Mental health wards can feel unsafe. We know that patients and staff have different ideas about what makes a hospital ward safe or unsafe. Patients are often the first to know when the atmosphere on a ward becomes tense but, often, no one asks them for input or feedback at the time. We worked with service users and staff to develop new technology to make it easy for patients to tell staff about changes in the ward atmosphere. We put everyone's ideas together and some technical developers then built a digital safety tool to use on a tablet computer.
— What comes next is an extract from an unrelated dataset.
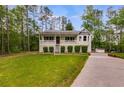 Well-maintained one-story home featuring a cozy front porch and lush green lawn at 1094 Plantation Ct, Villa Rica, GA 30180
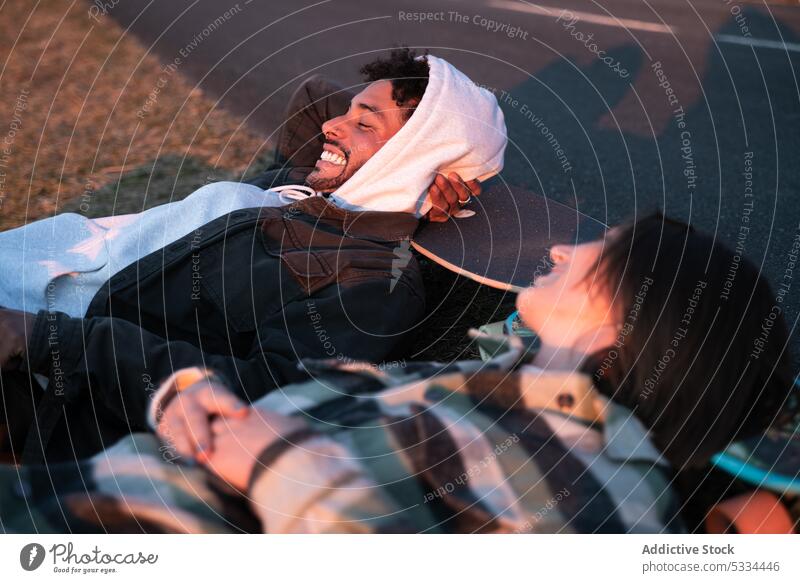 Positiv gestimmter junger Mann und Frau mit Skateboards im Gras liegend Paar Lachen Lügen Natur sich[Akk] entspannen Liebe Glück Partnerschaft Zusammensein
Patients put in anonymous information about the ward atmosphere and staff can read it straight away. We tested it on six adult acute mental health wards for 10 weeks. We asked patients and staff what they thought about the tool and we looked at how it was being used. Patients and staff liked the look of the tool on the tablet computer. Some staff said they did not need it because they could tell how patients were feeling, but patients told us that staff did not talk with them much and did not always know when patients were feeling tense. Coronavirus disease 2019 made life difficult on the wards. Most ward managers said the tool could be helpful, but they had not had time to get used to it on the wards. Occasionally, the tablet computers were out of action. Many staff tried hard to use the tool. Most patient information was gathered when it was calm, perhaps because staff were not too busy to help them. We found that this tool could help staff know about tensions on the ward, but they need to get used to it and bring it into ward routines.

Implementing and evaluating patient-focused safety technology on adult acute mental health wards.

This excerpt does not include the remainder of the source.